Just saw that he is 7 months – I think that is young enough to justify having him there. Sorry but I wouldn’t leave my 7 month old with a babysitter at a hotel nearby. If it was in the same place as the wedding, sure but even just a few minutes down the road? no way.
Unless you told your FI’s bro/sis that his nephew/niece can’t come, then he needs to get over it. If you want your niece/nephews there than it’s no one else’s business really except your own. I’d do whatever it took for my sister to be at my wedding personally. I don’t think she’s being unreasonable.
Post # 13
Why don’t you just let her skip the ceremony… so the kid doesn’t cry out and steal your thunder during the ceremony. I bet he’ll be barely noticed at the reception.
Post # 14
It sounds like she’s already made her choice. SHe made you an ultimatum. Call her out on it. Tell her. I look forward to seeing you at the ceremony, so sorry that you’ll miss the reception. And move on. If your sister doesn’t love you enough to get a baby sitter for a few hours than I wouldn’t waste any time or energy on her.
Post # 15
I wouldn’t leave my 7 month old with a random baby sitter either, sorry.
Post # 16
- Wedding: June 2017 - Vegas Wedings
Her sister wont even allow other family members who were not going to the wedding or her friends to watch the baby. And OP has “pay for anyone she wanted to come to watch him.” This sounds like she has made up her mind.
OP, she is allowed her choice as you and FI are allowed yours.
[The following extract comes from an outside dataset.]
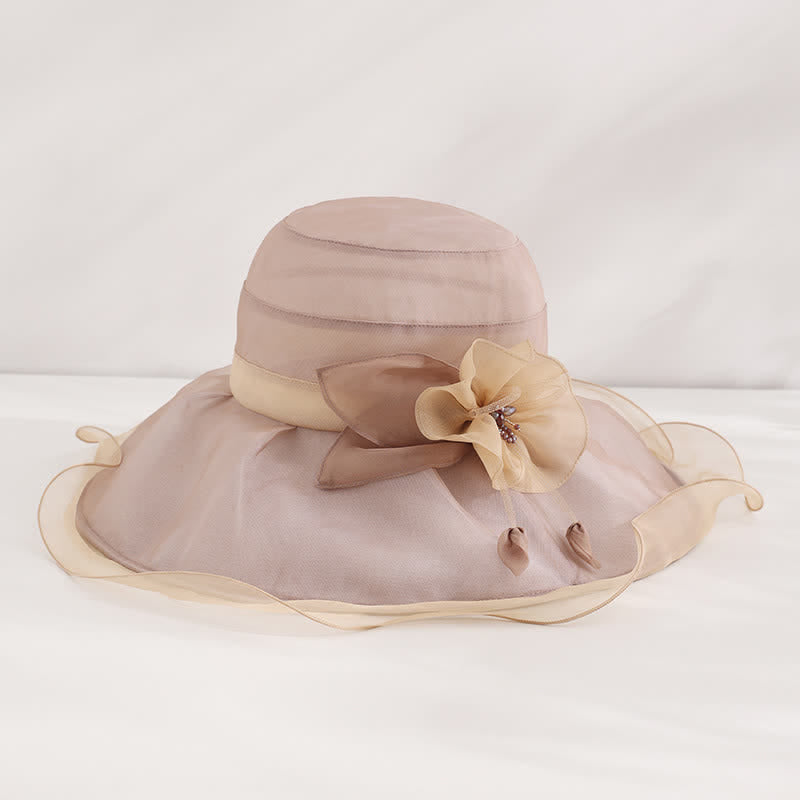 Women's Floral Wide Wave Brim Holiday Beach Foldable Silk Sun Hat - Rose Brown - Adjustable (20 7/8"-22 1/2") - image 10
I will say your FI is right in that it would be unfair to give into her on this but not others. The fact that you’re keeping your arms and shoulders bare really resonated with me; that is BIG BIG BIG in some cultures and within some belief systems but you are sticking to your guns on that. Why are you willing to go against your FI parents wishes on modesty/ morality or whatever but give into your sister on this? The fact that she wont allow other family member watch the baby is odd to me and smacks of passive aggressiveness.